Delayed mesh infection is becoming more common, for reasons that are somewhat unclear. When it occurs, it is highly likely that removal of the mesh will be required because it represents an infection of the mesh itself and not contamination of a portion of the mesh from a deep wound injection. Drainage of all localized collections and a trial of antibiotic therapy are the mainstays of initial care, but if this strategy fails, the mesh should be surgically removed. If the patient has had a prior polytetrafluoroethylene mesh placed and this has become infected, there is no need for antibiotics. The mesh must be removed, and the infection will never be eradicated without complete removal of the implant. I do not use mesh composed of polytetrafluoroethylene because of the risk of infection requiring explant.
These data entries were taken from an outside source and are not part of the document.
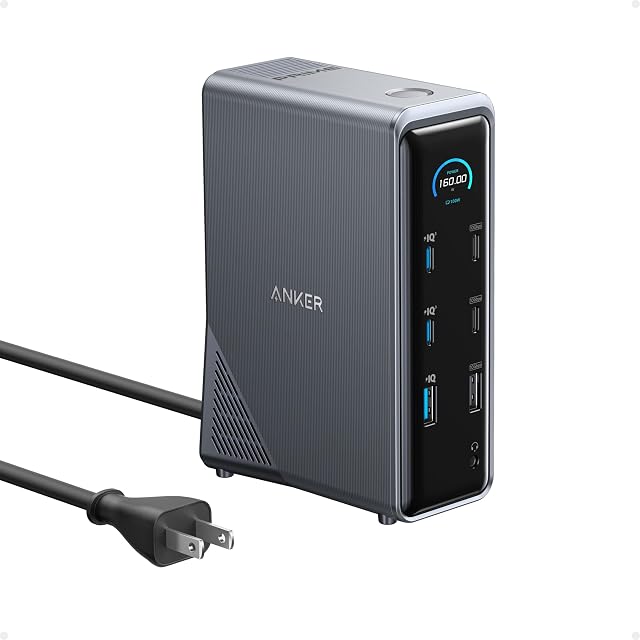 Anker Prime Docking Station 14-Port with 160W Max Output 10Gbps Fast Data Transfer Real-Time Smart Interface Audio and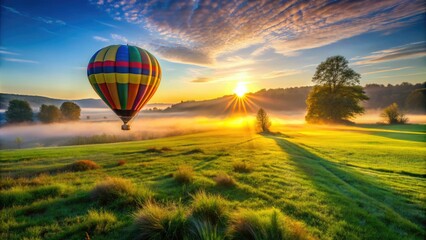 Obraz premium Vibrant multicolored hot air balloon inflates and rises at dawn, casting a long shadow on dewy grass as morning sun illuminates a serene pastoral landscape.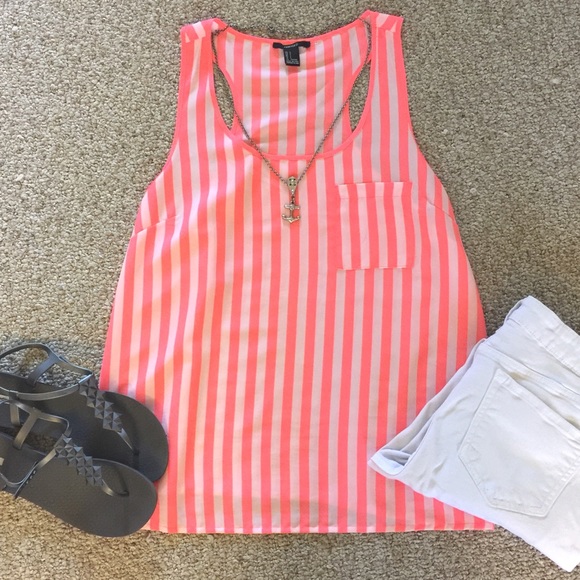 Neon Pink Striped Racer Back Tank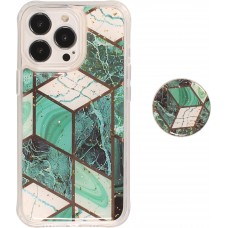 Coque iPhone 13 Pro - Silicone Gel stripes géométriques avec support de doigt à 3 positions - Marble - Turquoise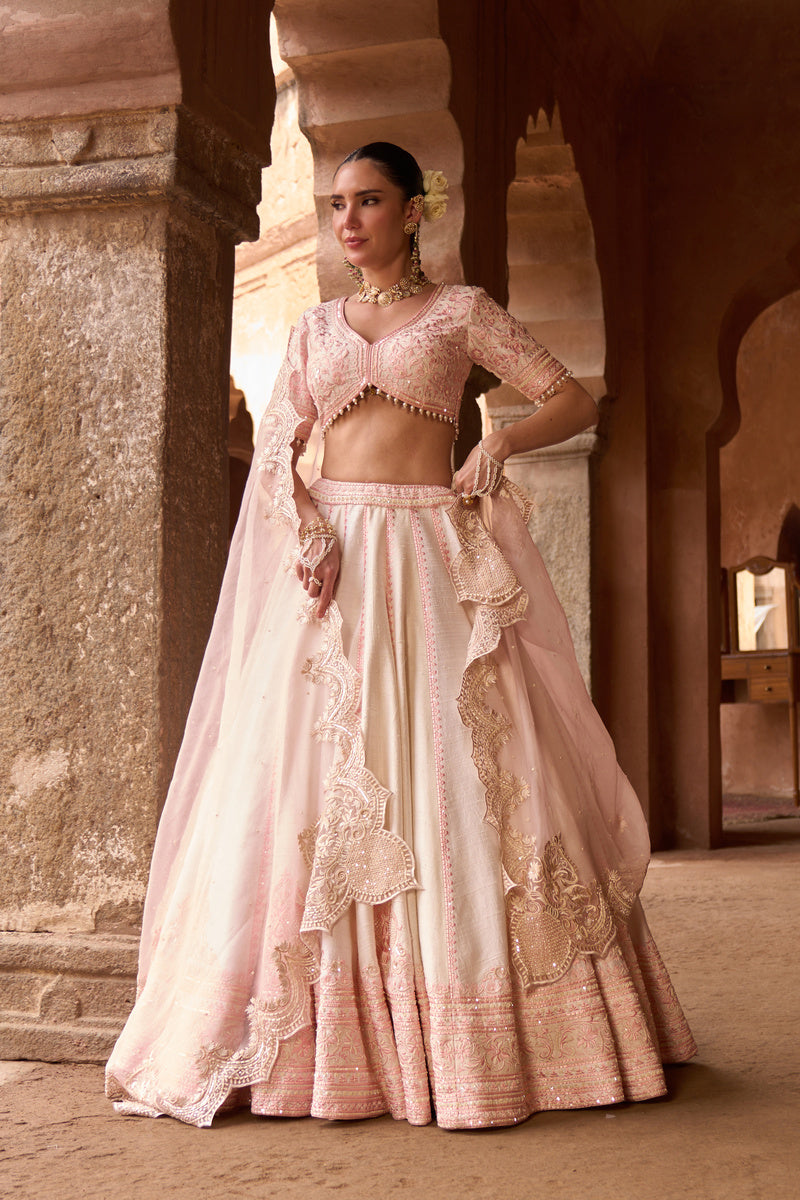 SAYEEDA - DAISY IVORY WITH PINK EMBROIDERED LEHENGA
As discussed, extraperitoneal placement of the repair mesh is ideal. This will make a bowel fistula related to the mesh nearly impossible. When extraperitoneal placement is not feasible, an intraperitoneal composite mesh is used. Despite the best efforts of surgeons and bioprosthetic engineers, a foreign body within the peritoneal cavity provides an opportunity for bowel adhesion. This is particularly true of patients without to act as a layer between the bowel and the mesh or implant, as well as patients at risk for bowel adhesion because of extensive lysis of adhesions, prior radiation, and/or bowel resection. In a patient at high risk for adhesions to an intraperitoneal mesh, a biologic implant should be used either as the repair mesh or to reconstruct the peritoneal cavity prior to synthetic sublay repair. This will minimize, but not eliminate, the risk of this difficult complication. If obstruction occurs, then fistula risk increases, as dilated loops of bowel press up against the intraperitoneal foreign body. A fistula may ensue and manifest as enteric drainage into the wound. Management with bowel rest and parental nutrition will usually result in resolution, and removal of the mesh may subsequently eventually be required.
MINIMALLY INVASIVE SURGICAL APPLICATIONS
Minimally invasive techniques can be employed for the repair of incisional hernia. The disadvantage of these techniques is that the mesh is always intraperitoneal, an issue whose implications we have discussed. However, careful selection of patients will identify those in whom this approach is appropriate.
Reconstruction of the groin, abdominal wall, or both following cancer surgery is an essential component of the care of the patient with a gynecologic malignancy. Abdominal wall defects create significant problems for patients recovering from surgery and negatively impact on their quality of life. Cancer surgeons should understand how to repair these defects and be familiar with the array of synthetic and biologic prosthetics available to accomplish repair or reconstruction of the abdominal wall. This will ensure that their patients will enjoy optimal oncologic and functional outcomes.